The credit market boom of the mid-2000s, especially in sub-prime mortgages, sparked a scandal of historic proportions. Derivatives enabled investors to spread credit risk and gave the impression that the risk of default throughout the economy had reduced. In fact, they made funding artificially cheap for speculative investments worldwide.

In September 2005, the New York Federal Reserve summoned 14 international bankers to its headquarters for their first meeting since the LTCM crisis seven years earlier. This time, conditions were calm, but the Fed saw risks on the horizon. The bankers were the leading dealers of new instruments known as credit default swaps and the message to them was blunt: “Clean up your act or we will do it for you.”

The Fed’s alarm, we now know, was prescient. It wanted to take action because credit derivatives had grown faster than the banks could process them. Even the paperwork was a mess. More than any other innovation, they fostered the belief that investors now knew how to tame risk.
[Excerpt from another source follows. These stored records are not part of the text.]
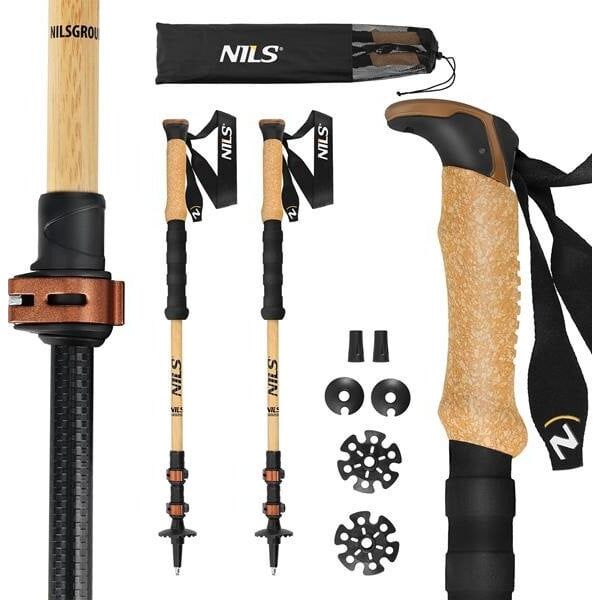 Kijki trekkingowe Nils Bambusowe TK8606 regulowane 62-135cm
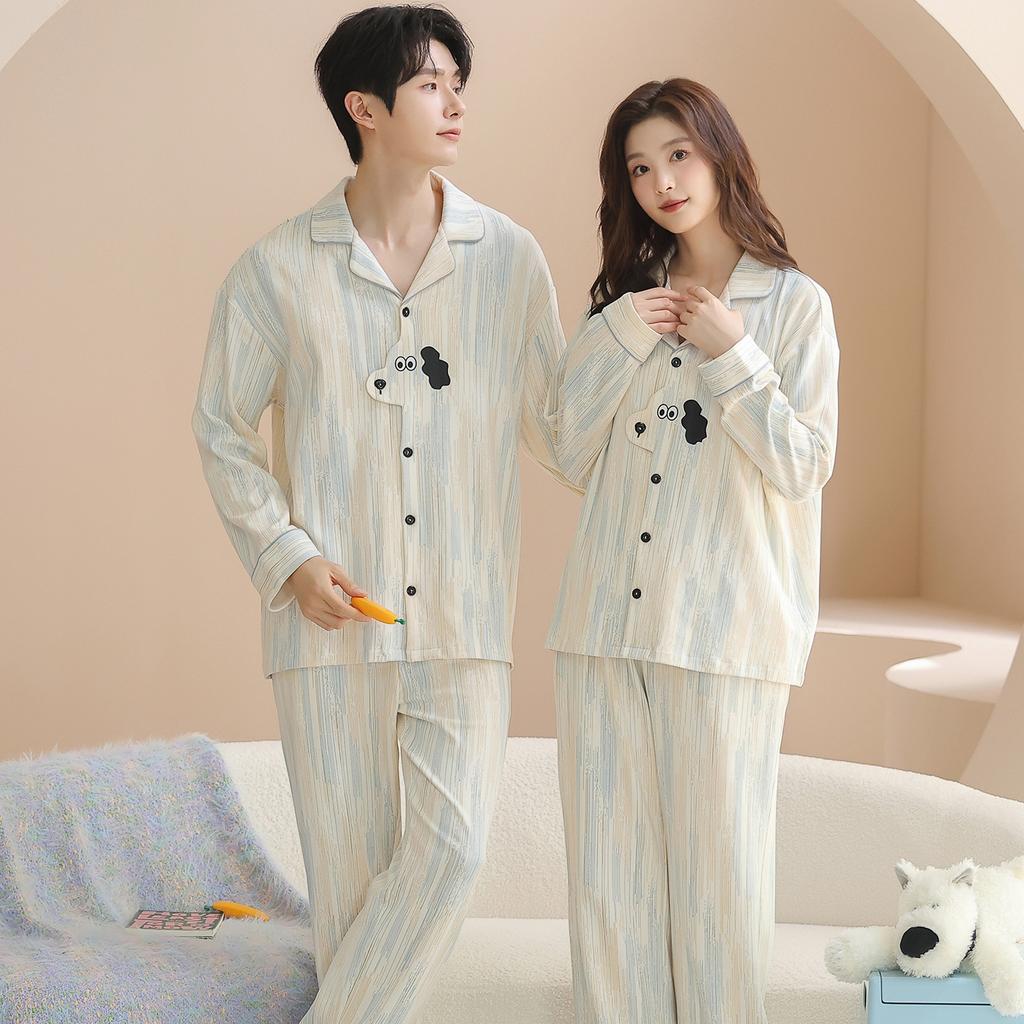 New long-sleeved trousers pure cotton couple pajamas can be worn outside cartoon loose casual men and women pajamas set cotton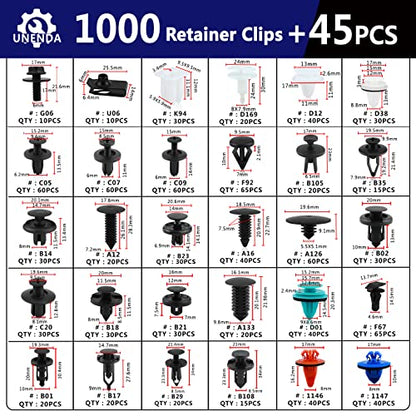 Car Push Retainer Clips 1045PCS Auto Fasteners Assortment-30 Most Popular Sizes Nylon Bumper Fender Rivets with 10 Cable Ties and Blue Fastener Remover for Ford GM Toyota Honda Chrysler Benz Nissan - size: Car Clips 1045PCS-Blue
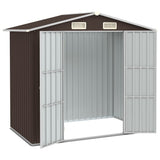Vidaxl Garden Shed 205x129 x 183 cm verzinkter Stahlbraun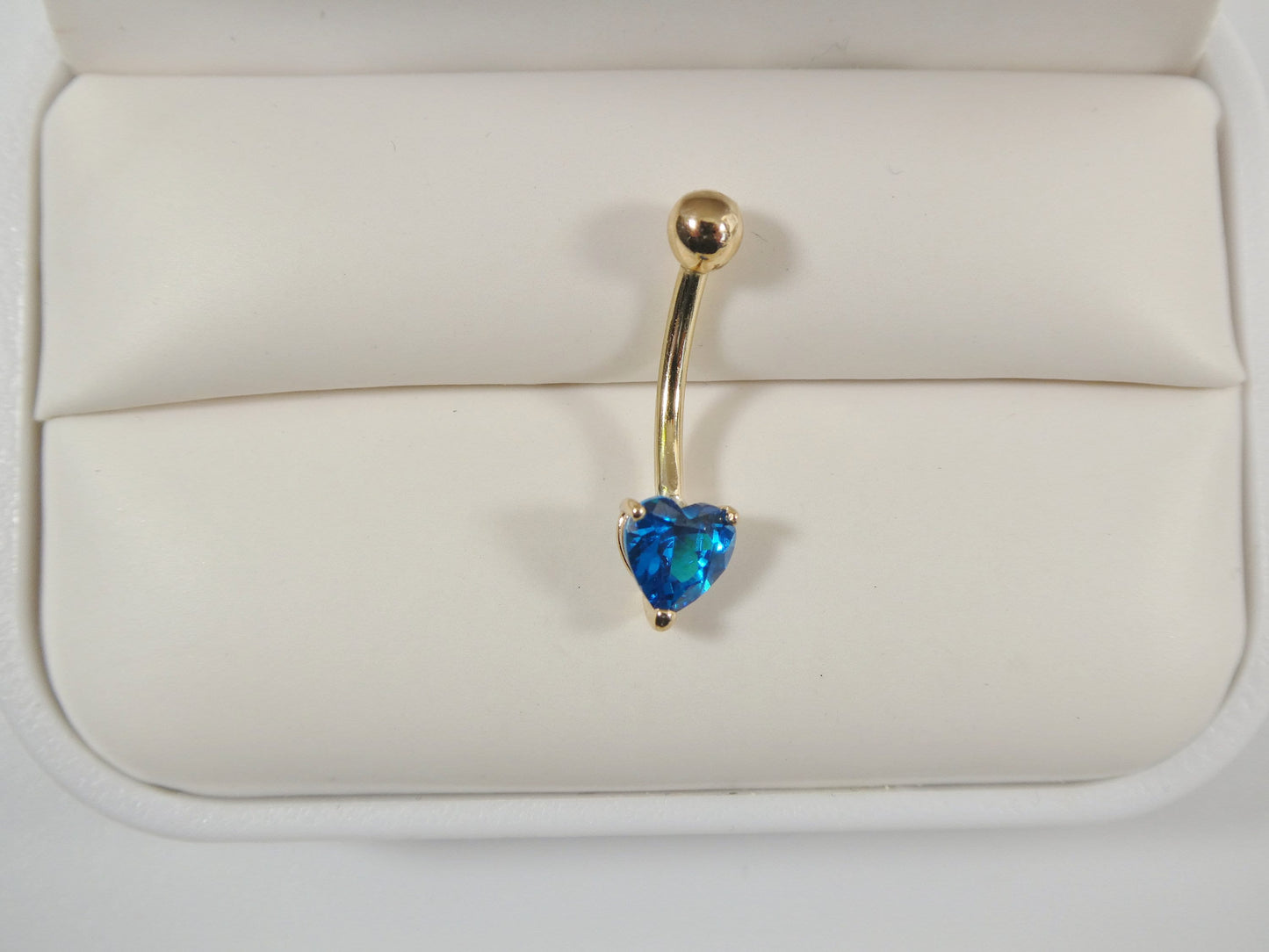 14k real solid yellow gold heart color belly ring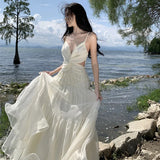 Zingj French Heavy Industry Dress With Pure Color Butterfly Sling Dress Two Color Female Sanya Vacation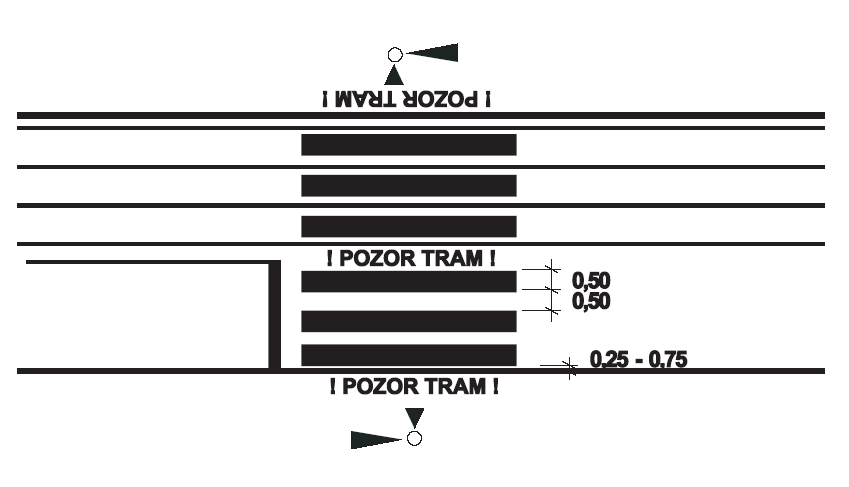 Detail 1 Detail 2 Detail 3 Obr. 32: Detaily VDZ přechodu pro chodce. Obr. 33: Příklad VDZ přechodu pro chodce se SSZ.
But as with any new technology, they carried risks of their own.1 Further, they stripped banks of their most important role, assessing the risk of default, and turned it over to the markets. Sure enough, soon after the Fed’s meeting the synchronized bubble entered its most destructive stage, fueled in large part by credit.

In concept, credit default swaps are simple. Take this example. A bank has a relationship with General Motors, which wants an extra $1 billion loan. The bank wants to maintain its relationship, but feels uncomfortable about being so exposed to one company. A rival bank has had a similar request from Ford, and has the same dilemma.

The solution is for the banks to “swap” half of their exposure so that each is on the hook for loans of $500 million to each company. Now if one of the car companies gets into trouble, the banks will bear the exposure to it equally. Both maintain their relationships but have a more prudent spread of risks. The car companies benefit because the banks are stronger and more able to offer financing in the future.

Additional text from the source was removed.